### Material for this task
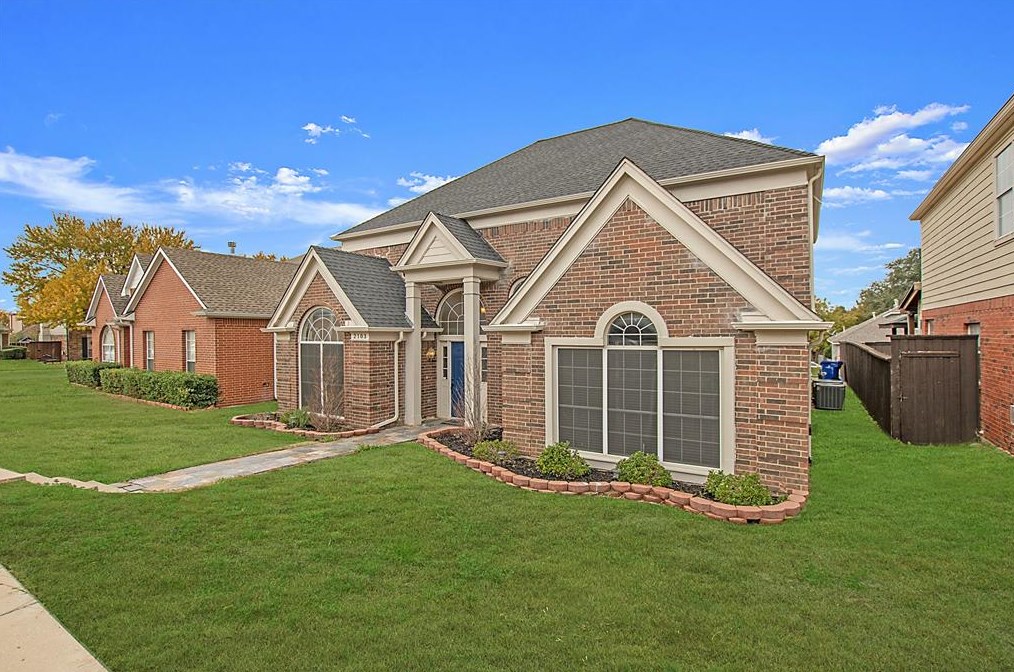 2103 Dover Dr, Carrollton, TX 75006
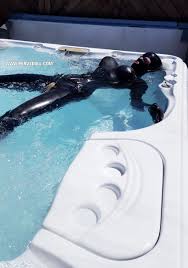 Watch me demo how to inflate & deflate this super fun latex balloon brassiere from the etsy store latexcatfish! Rubberdollemma Onlyfans Com Rubberdollemma Sur Twitter The Best Place In Summer While In Heavy Rubber Is To Be Bound In The Pool The Water Bubbles Are Stimulating Your Pussy While The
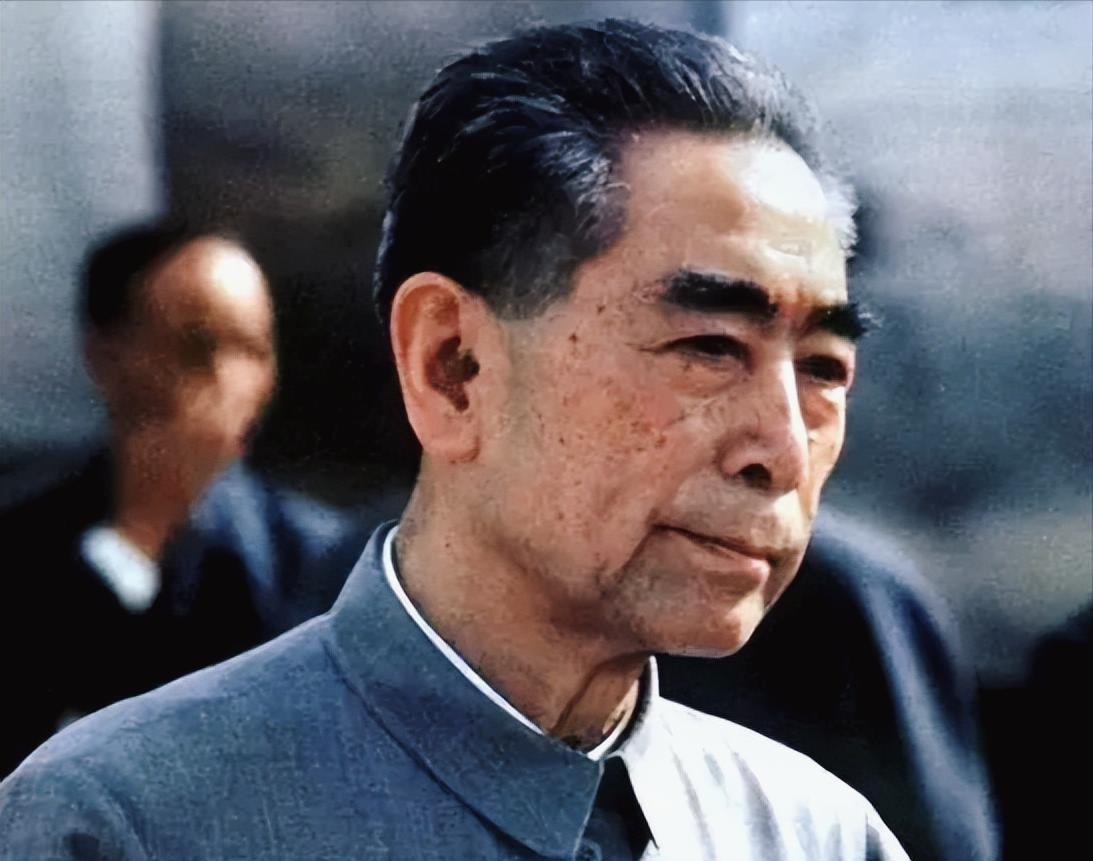 周总理的10大贡献：第一：全力把毛主席推到一把手位置，他自己甘愿当二把手。比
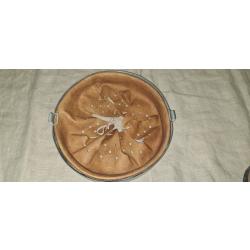 Int&eacute;rieur 66 de casque WW2 , belle patine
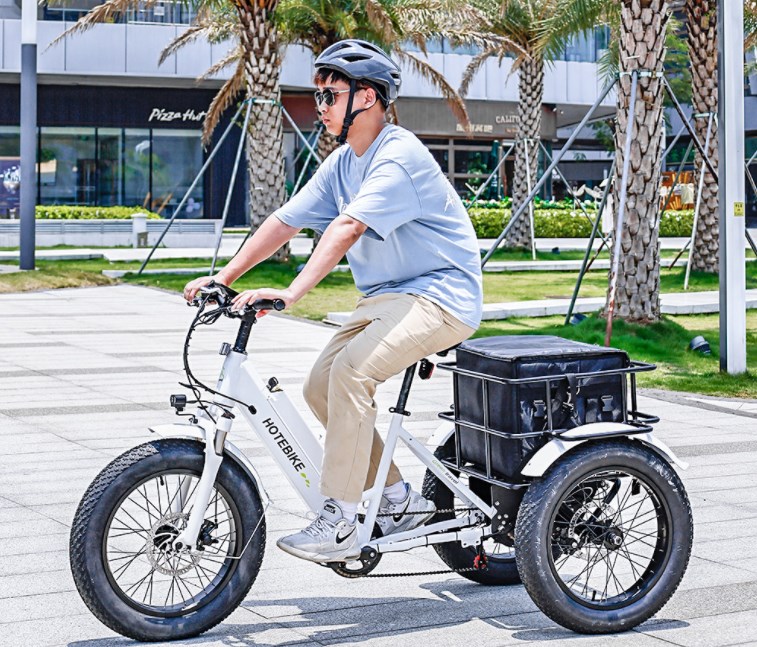 What are the advantages of e-bikes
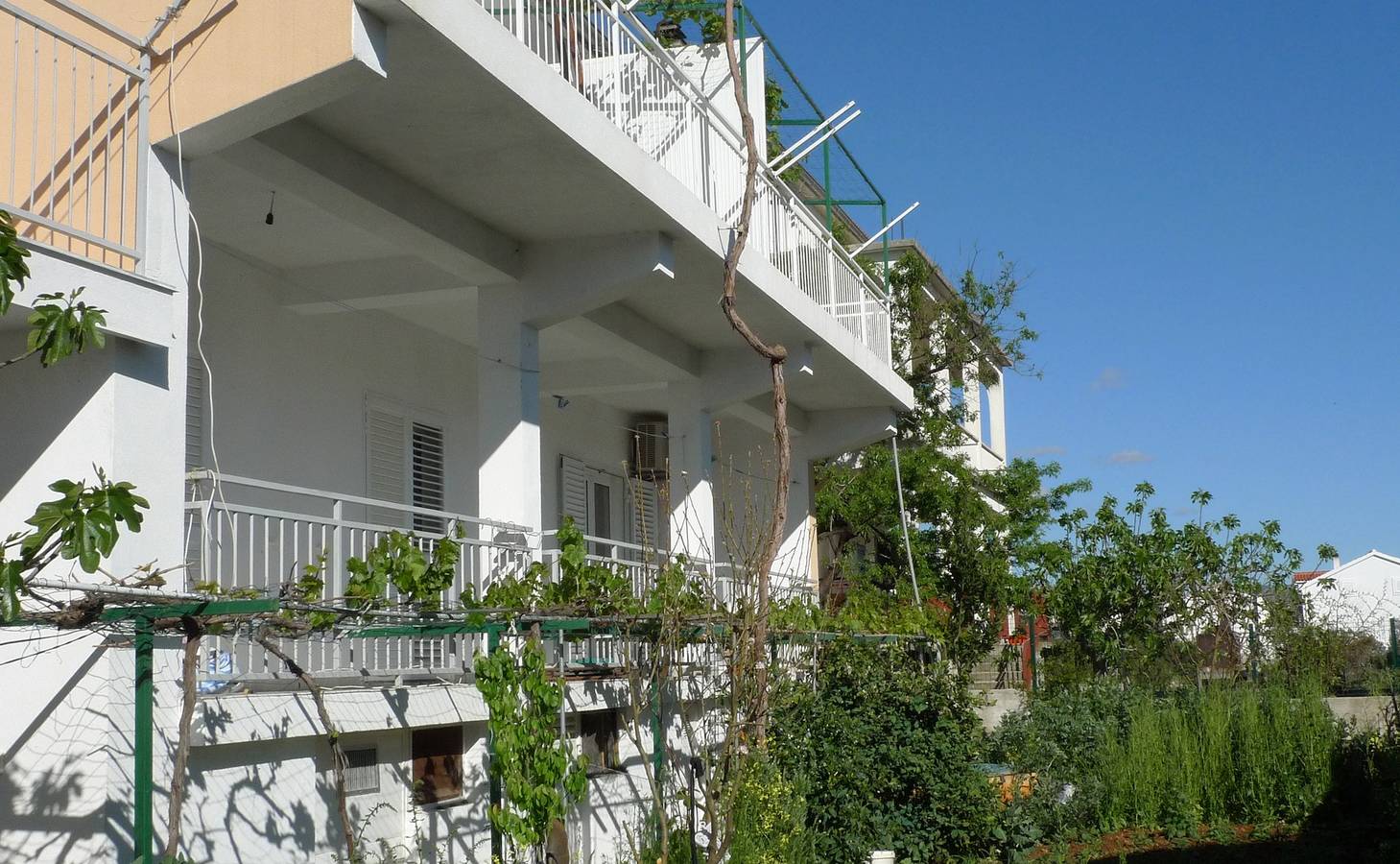 Entire apartment, One bedroom apartment with terrace and sea view Grebaštica, Šibenik A-13978-a in Grebastica, Šibenik-Knin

### Work instructions
Leave the pictures out, and transcribe exactly the lines above starting at the one that contains "Watch me demo" and ending at the one that contains "What are the advantages of e-bikes".

### Response box
 Watch me demo how to inflate & deflate this super fun latex balloon brassiere from the etsy store latexcatfish! Rubberdollemma Onlyfans Com Rubberdollemma Sur Twitter The Best Place In Summer While In Heavy Rubber Is To Be Bound In The Pool The Water Bubbles Are Stimulating Your Pussy While The
 周总理的10大贡献：第一：全力把毛主席推到一把手位置，他自己甘愿当二把手。比
 Int&eacute;rieur 66 de casque WW2 , belle patine
 What are the advantages of e-bikes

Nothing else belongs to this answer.